Here's a reminder of what is happening. WRiTE CLUB (sponsored by Wild Lark Books) is a tournament-style contest that will run for nine weeks (which includes a week break for the holidays). It provides writers the opportunity to compete against one another for a chance to win a free publication package (along with other prizes). Here’s the kicker—it’s all done anonymously. Writers have submitted 500-word writing samples under pen names. The chosen (decided by a group of twelve slush pile readers) are paired off to go head-to-head in daily “bouts”, with the winner of each match determined by you the reader—by voting for your favorites. Bout winners keep advancing until there are only two remaining and that’s when a panel of celebrity judges, who include well know authors, agents, editors, and other publishing folks, choose the ultimate champion.

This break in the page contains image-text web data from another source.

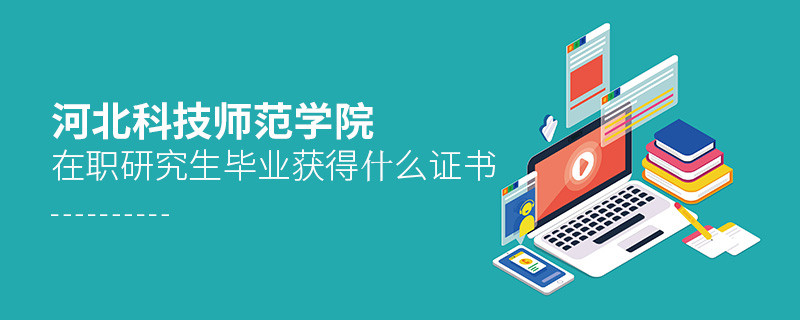 河北科技師范學院在職研究生畢業(yè)獲得哪些證書？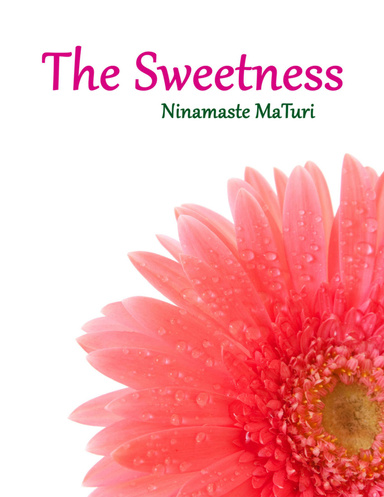 The Sweetness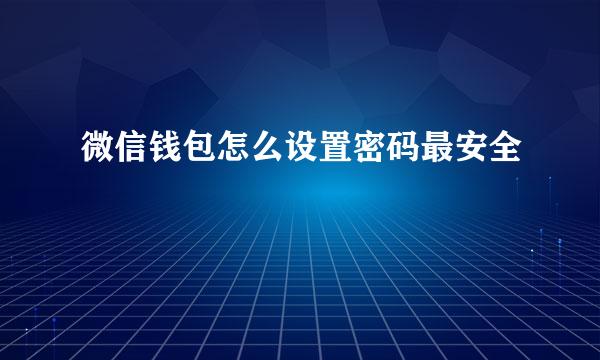 微信钱包怎么设置密码最安全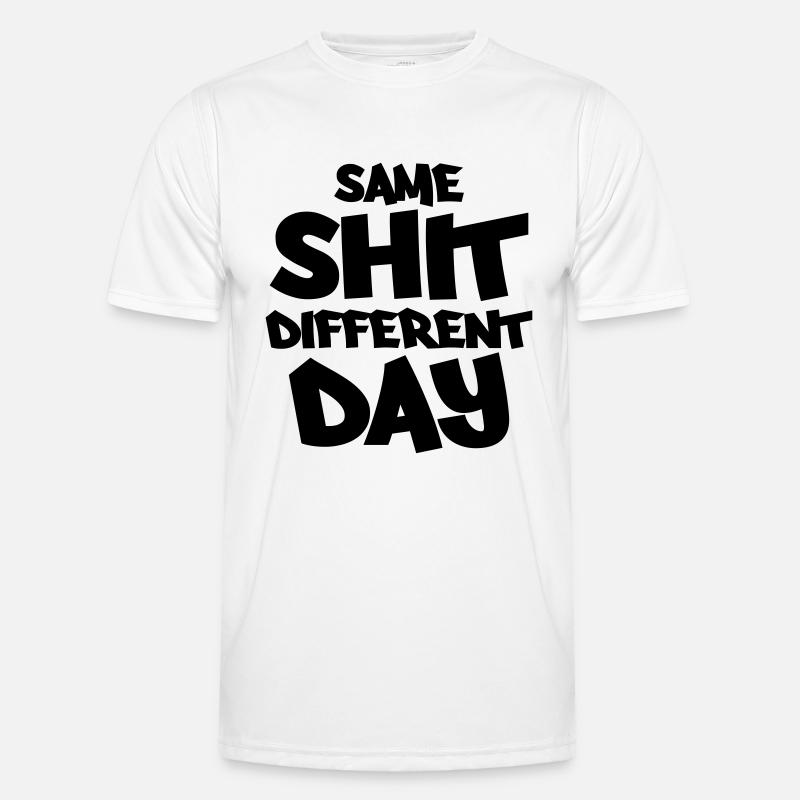 Same shit, different day - Men's Functional T-Shirt - white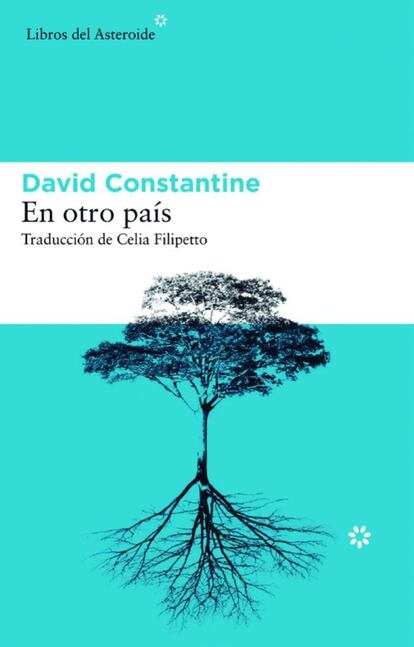 Por primera vez se reúnen en español los relatos más destacados de David Constantine (Salford, 1944), un maestro del cuento inglés. Lo hace Libros del Asteroide con 'En otro país' (19,95 euros). En cada historia se invita a la reflexión sobre la complejidad y los misterios de la vida a través de sus personajes. La primera de las historias atrae al lector con la noticia que recibe un hombre casado, al que se le comunica el descubrimiento del cadáver de una novia suya, fallecida en los Alpes, cuando él la acompañaba. El hielo había mantenido intacto el cuerpo. 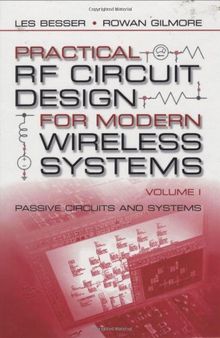 Practical RF Circuit Design for Modern Wireless Systems, Volume I : Passive Circuits and Systems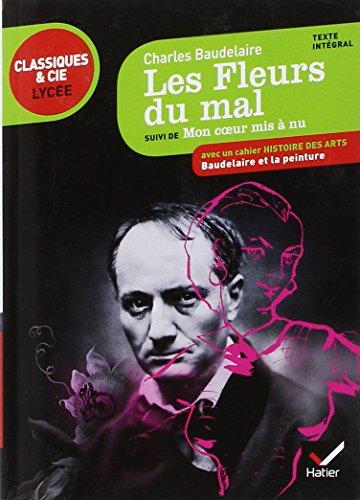 Les fleurs du mal. Mon coeur mis à nu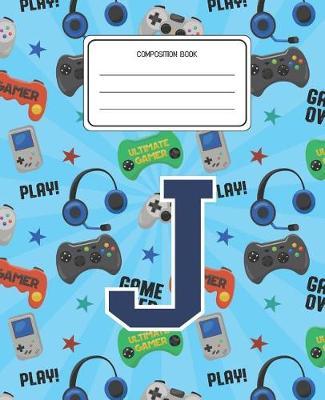 Composition Book J: Video Games Pattern Composition Book Letter J Personalized Lined Wide Rule Notebook for Boys Kids Back to School Preschool Kindergarten and Elementary Grades K-2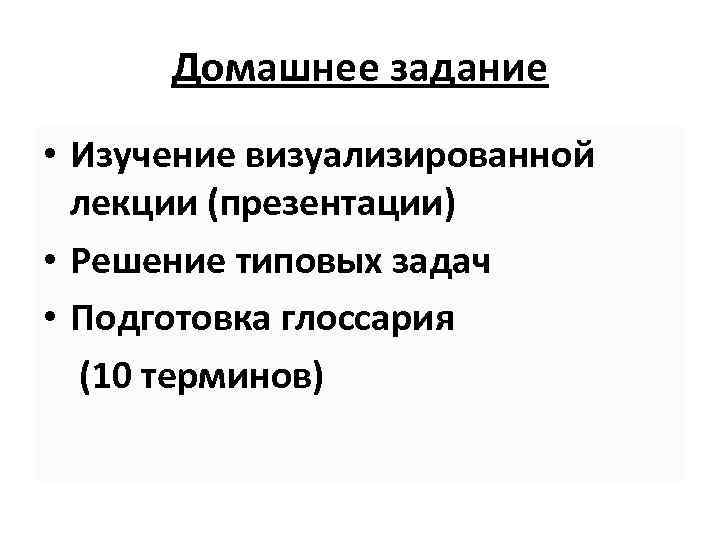 Домашнее задание • Изучение визуализированной лекции (презентации) • Решение типовых задач • Подготовка глоссария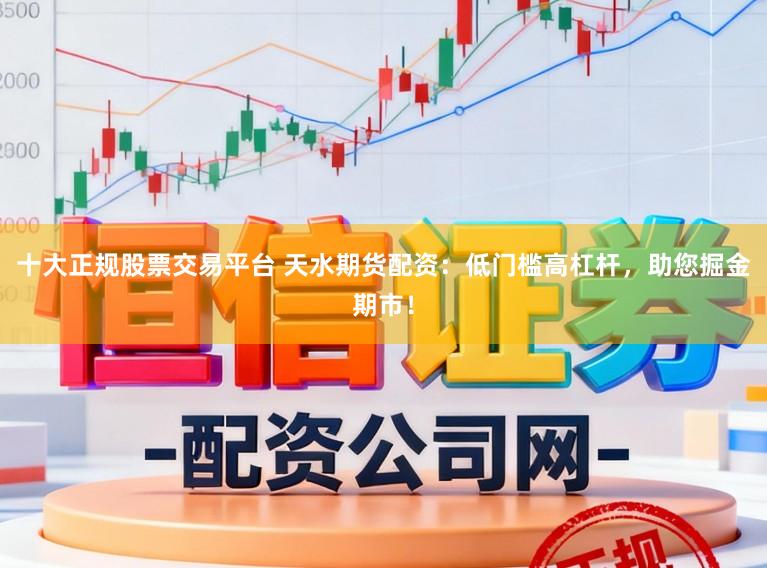 十大正规股票交易平台 天水期货配资：低门槛高杠杆，助您掘金期市！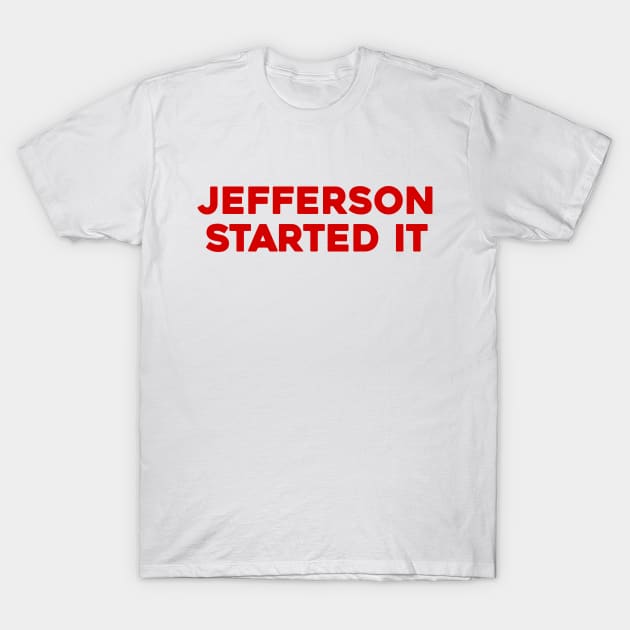 Jefferson Started It T-Shirt by Solenoid Apparel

2) Although our contestants are anonymous, voters cannot be. Anonymous votes will not count, so if you do not have a Google account and are voting as a guest, be sure to include your name and email address.
3) Using any method (email, social media, text, etc) to solicit votes for a specific contestant will cause that contestant's immediate disqualification. What is okay, in fact, encouraged, is to spread the word about the contest to get more people to vote, just not for a specific writer!

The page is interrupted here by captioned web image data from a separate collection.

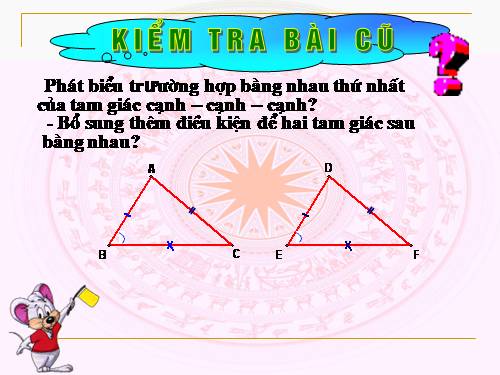 Chương II. §4. Trường hợp bằng nhau thứ hai của tam giác: cạnh-góc-cạnh (c.g.c)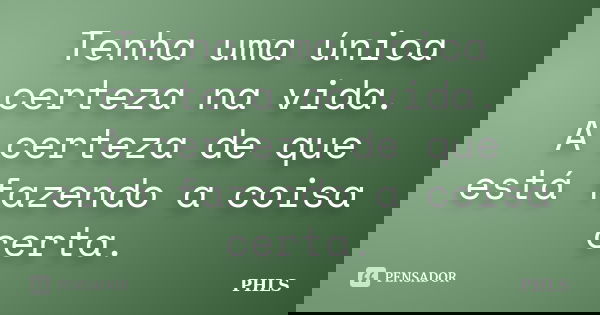 Tenha uma única certeza na vida. A certeza de que está fazendo a coisa certa.... Frase de PHLS.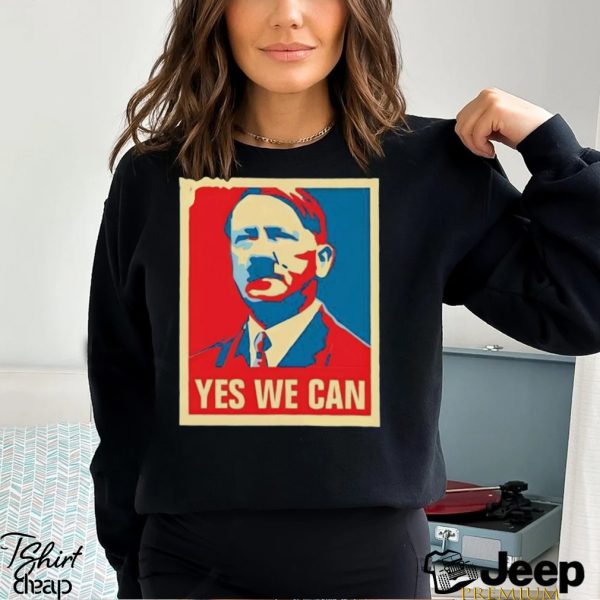 Hitler yes we can 2024 Presidential Race Hope shirt0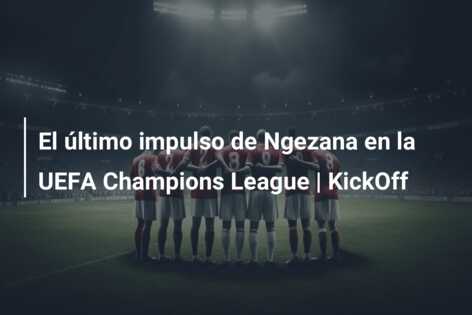 El último impulso de Ngezana en la UEFA Champions League | KickOff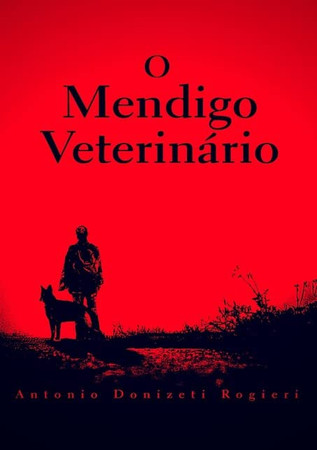 O Mendigo Veterinário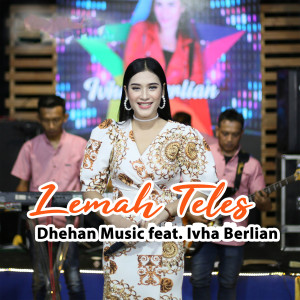 Dengarkan Lemah Teles lagu dari Dhehan Music dengan lirik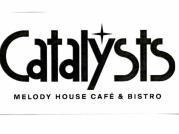 Catalysts MELODY HOUSE CAFÉ & BISTRO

That’s enough of the fine print…here we go!
Finley Shaw and her family usually avoided places like
Rigley-Beck, a dust-ball planet in a desolate part of the galaxy.

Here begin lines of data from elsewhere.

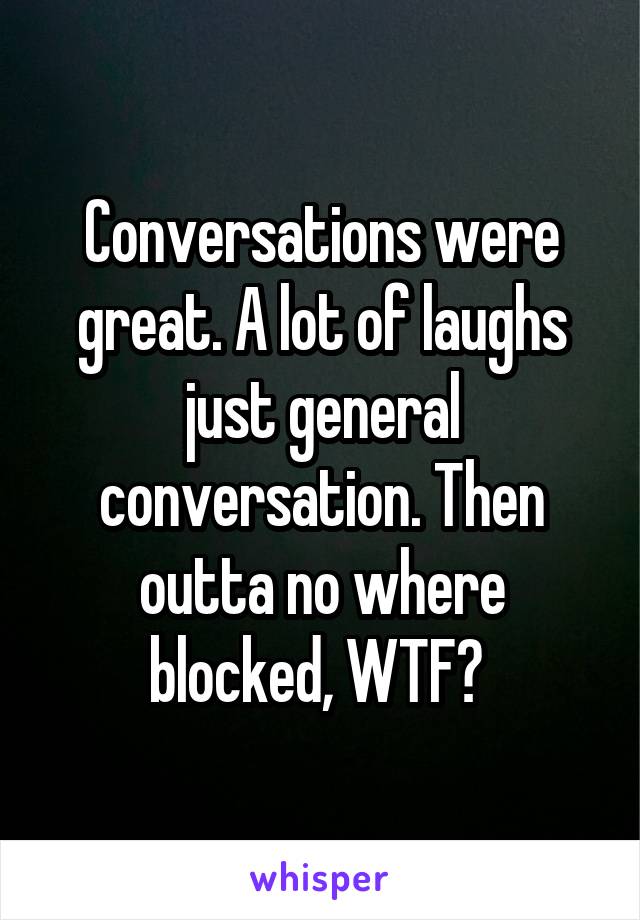 Conversations were great. A lot of laughs just general conversation. Then outta no where blocked, WTF? 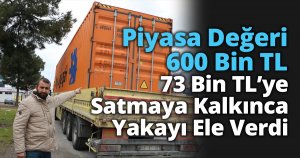 Piyasa Değeri 600 Bin TL 73 Bin TL’ye Satmaya Kakınca Yakayı Ele Verdi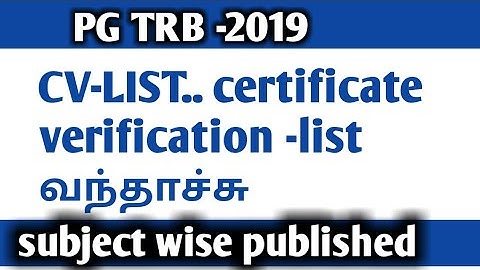 PG TRB Exam -2019-CV-list (certificate verification-Subject Wise Published.)...good news..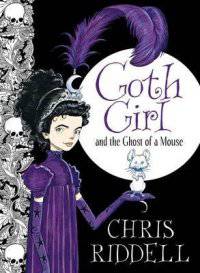 Goth Girl and the Ghost of a Mouse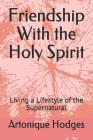 Friendship with the Holy Spirit: Living a Lifestyle of the Supernatural By Artonique Hodges Cover Image
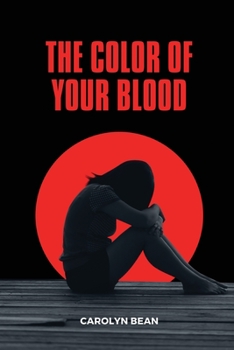 Paperback The Color of Your Blood Book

Meeting the contact here was Finley’s first clue that
something about this deal wasn’t right.
“Stay alert,” Mom said as they suited up. Mom and Dad tucked
blasters and concussion bombs into their gear. Just in case.
Why had they agreed to this? Dad had two rules: never do business with people you don’t know and stay away from illegal clones. This job broke both rules.
Dad said they needed the money, but Finley thought it was something
more. Dad had done some shady things when he was young and rebellious. Maybe
this was his way of making up for it.
Whatever it was, Finley didn’t like it. But she kept her mouth shut. Questioning Dad’s decisions was pointless when he was so determined. She shouldered her pack and followed Mom, Dad and her older brother Jed down the shuttle ladder.
Rolling terrain, bristling with stunted trees, stretched to
the horizon, greyer than anything Finley had ever seen. The wind, smelling of the
ammonia leftover from the planet’s terraforming days, blew sand into her face.
They headed for a squat corrugated metal building at the edge of the field barely
visible through the forest of fuselage carcasses and old ion engines cluttering
the front yard. Sand rats chased each other around the hull of an old destroyer
half buried in sand.
Who would put a space station in the middle of a junkyard?
Inside, a ceiling fan circled overhead, clicking with each wobbly turn. A man worked behind a counter typing on an ancient-looking keyboard. Eyes bulged in his narrow face reminding Finley of the pop-eye bugs they’d encountered in the Quintero system.
Dad and Mom approached while she and Jed leaned against the back wall.
“What can I do for you folks?” Bug-eye asked, not looking up
from the com-screen.
“Here for Stillwell. Cargo pick-up.”
“Out back.” Bug-eye
hooked a thumb over his shoulder.
Dad murmured “thanks” and headed that way. Finley and the others followed. They entered a narrow yard cluttered with more starship wreckage, surrounded by a tall metal fence.
No Stillwell. Mom and Dad exchanged wary looks, putting Finley on edge.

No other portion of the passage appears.